I decided yesterday that I would take advantage of being off today and go to the temple. I haven't been in a while. I would have liked to go with the ward, but I can't handle another one of those all-nighters. I am worthless the next day. I enjoy going by myself more than with a group, I think. I can have more time to myself in the Celestial room, plus I like to take a little time to do either Iniciatories or Sealings. I tried to get in to do some Initiatories, but they were booked, quite unusuall, so I got a chance to do some sealings afterwards.
I feel like my answer was the same one He has been trying to tell me for the last year or two. That is that, again I need to surrender my concern to Him. It is out of my control. He will take care of it. I have done all that I can, and now it's time for me to let go and let Him work his magic. In other words, I need to have faith. Faith that He has not forgotten me. Faith that as long as I am doing my best with what I have been given, I will receive the blessings that are due, whatever they may be. Do I sound convinced? It may take me some time, but I will try my best to have patience and faith in the matter.

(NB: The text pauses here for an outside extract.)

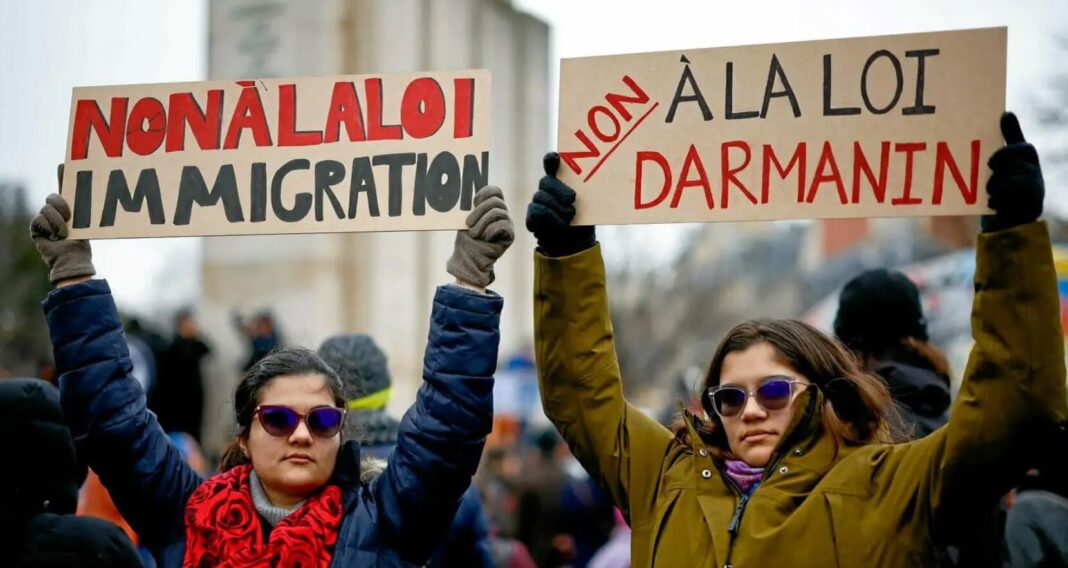 loi immigration décrets application Loi immigration : les décrets d'application publiés in extremis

As I mentioned, I got to help out with some sealings after the session. There were two couples among the group. One of the couples had only been married for two weeks. So, lucky me, I got to be sealed as a daughter to them. They were so gitty. They each had perma-grins on their faces. My impules fluxed from laughter to vomit to tears. Fortunantly none of them were made manifest, instead I held a smirk. I was and happy for them and I hope todo the same some day and make the people around me just as sick with my own child-like excitement.